The partnership has continued to expand. Carr taught the personal finance class at the Salvation Army this fall, and he'll offer another session starting in January.
Carr's wife, Joan, coordinated the Army's recemt red-kettle Christmas collection. And Jackson, who taught at a Salvation Army college in California, helped teach a "Freshman Experience" class at MSU Billings this fall, introducing new students to community service.
Last spring, Jackson recruited Jason Rodriguez, the top graduating student in MSU Billings' business program, to become the Salvation Army's business administrator. Among other duties, Rodriguez put together the business plan for the composting operatrion.
Other MSU Billings students are teaching art and music classes at the Salvation Army.
The classes, begun by Jackson at the Salvation Army headquarters on Sixth Avenue North, now involve about 125 children, a number expected to grow to 350 to 400 by this spring. Still other MSUB students, plus faculty and staff, have been putting in regular rotations on the Community Table, the Salvation Army's outreach program to feed needy and homeless people.
"What an opportunity for our students to get involved," Carr said.
The community garden concept happened to dovetail well with a similar project that was being developed by two AmeriCorps VISTA volunteers, Hanna Noel and Jill Bunge, who are working this year for the Community Development Department. They have been working to create a network of community gardens in Billings and have been helping the Salvation Army with its plans to develop gardens at District 2 schools.
Four Title I schools will be involved initially, with gardens actually planted at two of the schools, and a 7-acre garden will also go in near the Career Center on Central Avenue. That garden will involve the labor of 200 Career Center students and another 200 elementary-age pupils who will work in the garden after school, Jackson said.

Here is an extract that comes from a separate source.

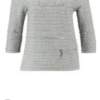 T-SHIRT 3/4-SLEEVE ROUNDNECK 1 T-SHIRT 3/4-SLEEVE ROUNDNECK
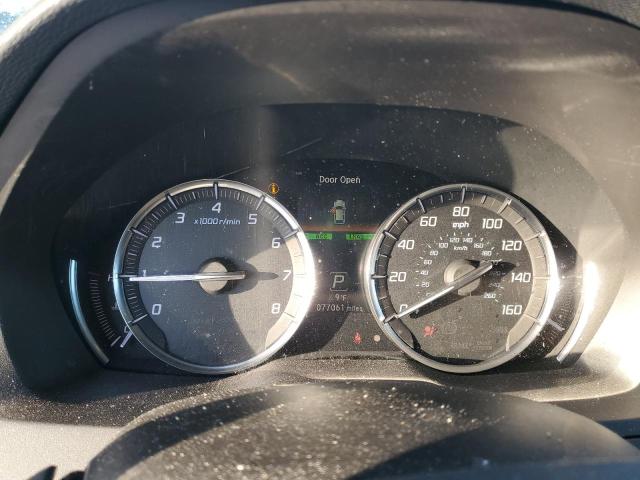 2020 ACURA MDX 5J8YD4H39LL044063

Next spring, 15 AmeriCorps volunteers will be working for the Salvation Army to plant those gardens and possibly other community gardens, Jackson said. Also next, spring, the Salvation Army intends to plant 300 apple trees in the empty lot just east of its headquarters. Students involved in the agricultural programs will sell the apples and cider, take some apples home and use some of them for the Community Table.
Mary Danly, of Danly Farms, a certified organic farm in Laurel, is acting as a consultant to the Salvation Army to help launch its ag programs. She is also working with the VISTA volunteers on a Food Policy Council, which will promote locally grown organic foods, nutrition and food security. Danly said she is especially excited about getting children involved in gardening and teaching them about the importance of locally grown foods.

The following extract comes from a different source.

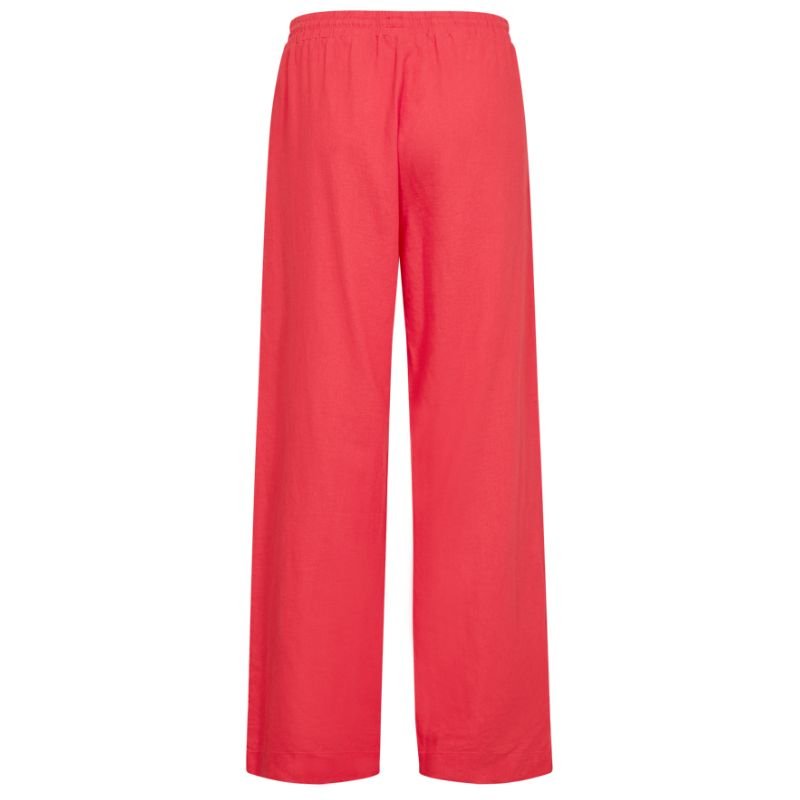 Rode broek Lava - Capuchon Fashion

"Everyone in this community needs to open their eyes," she said. "We might as well start with the children, and they can teach their parents."
At Middle Ground, in addition to the composting business, older students who have already completed some years of music classes will move into brass-instrument repair as well as piano tuning and piano repairs.
In partnership with the MSU Billings and the YWCA, the Salvation Army will offer classes in managerial and entrepreneurial training as well as retail and office skills to women who came to the YWCA as victims of domestic violence.
Middle Ground will also have rooms where fruits and vegetables can be grown year-round. The recycling center there will have a glass crusher, with some of the crushed glass sold and some used in the Middle Ground pottery and ceramics program.
It can all sound a little overwhelming, which Jackson acknowledges. But he said thinking big is the best way to get something done. In five years, he hopes to have 2,000 children involved in Salvation Army programs, and he hopes to have 2,000 to 3,000 regular volunteers.
"It's a ship still being built, but we're seeing some amazing initial results," Jackson said.